ALPS blog

Original article Trend Micro

One of the secrets of Trend Micro’s long-lasting success is being constantly on the lookout for where the next security threats might come from. That’s why we’re focusing a great deal of our research and development efforts right now on the intersection of IT and operational technology (OT). This burgeoning world of connected IoT devices is particularly advanced in the manufacturing space, where huge gains are already being made. But as great as these leaps forward are, so are the risks if technology systems aren’t properly secured.

That’s why we’re thrilled to be joining the ROS-Industrial Consortium (ROS-I) to help accelerate the secure development of robotic Industry 4.0 applications. It’s yet another important step for our stated mission: to secure the connected world.

Why IIoT matters

Industrial IoT (IIoT) systems are already streamlining production processes, improving cost efficiencies, and helping to drive greater agility and innovation for manufacturers. It’s no coincidence that the global market for such solutions will grow at nearly 17% CAGR over the next six years to exceed $263 billion by 2027. But with new technology always comes new cyber risk. As connectivity is introduced to industrial computing devices, the challenge is managing the threat from remote attackers. System and software vulnerabilities could be probed to hijack devices, sabotage production processes and steal intellectual property.

Robots are a particular risk—not only because so much of modern manufacturing relies on them, but also because many of these machines rely on legacy technology dating back decades.

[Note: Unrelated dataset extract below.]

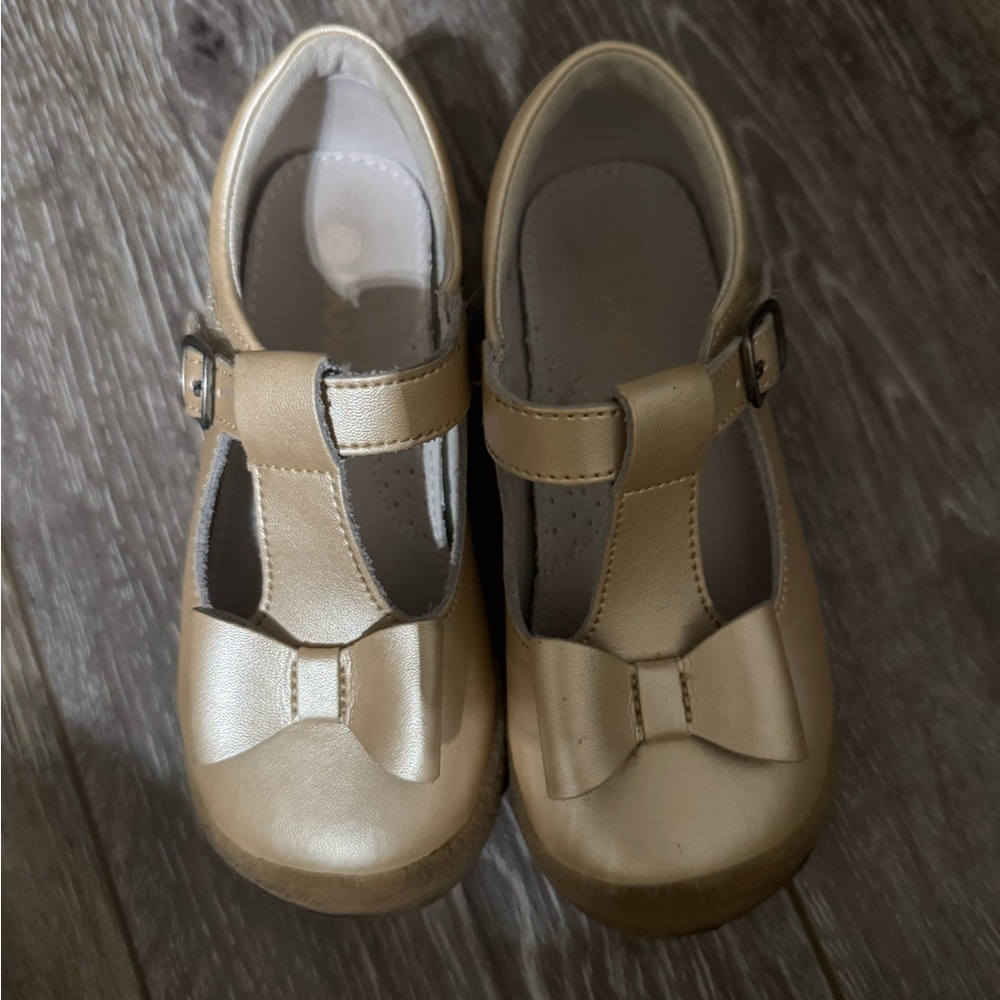 Elegant Gold Kids Dress Shoes with Bow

These custom, proprietary programming languages and unique ecosystems can make security complex, and lead to unpatched vulnerabilities which sophisticated attackers could exploit, with serious consequences.

Shaping the roadmap

ROS-I is an open-source project devoted to extending the capabilities of the Robot Operating Systems (ROS) into industrial hardware and applications. The job of the ROS-I Consortium is to prioritize these capabilities, offer code quality standards and provide technical support and training.

As an associate member of the consortium, Trend Micro will now be able to participate in technical and strategic projects and help to shape the ROS-I roadmap. In fact, we’ve already demonstrated our value to the organization in research last year, which uncovered design flaws and vulnerabilities in legacy programming languages used by some of its products. That resulted in our collaboration to develop secure network guidelines for industrial robots using ROS.

Securing the future

Trend Micro also recently started looking at the security of the Data Distribution Service (DDS). This protocol is used heavily by ROS2 and will therefore be another area in which we hope to deliver tremendous value to ROS-I and end-customers going forward.

Trend Micro is in many ways an unusual member of the consortium. Most either use ROS/ROS2 in their products, for example as robot manufacturers, or they want to help develop the software. We do neither, but we plan to work with the consortium to enhance security-by-design in ROS-I software. In fact, Trend Micro is only the second cybersecurity specialist to join.

Securing IIoT systems is hard: it requires capabilities across the cloud, the network, and the devices themselves. But thanks to our 30+ year heritage in cybersecurity and active deployments with global customers, we’re able to offer protection all the way from the gateway to the endpoint. That’s the kind of end-to-end security you need to drive Industry 4.0 success.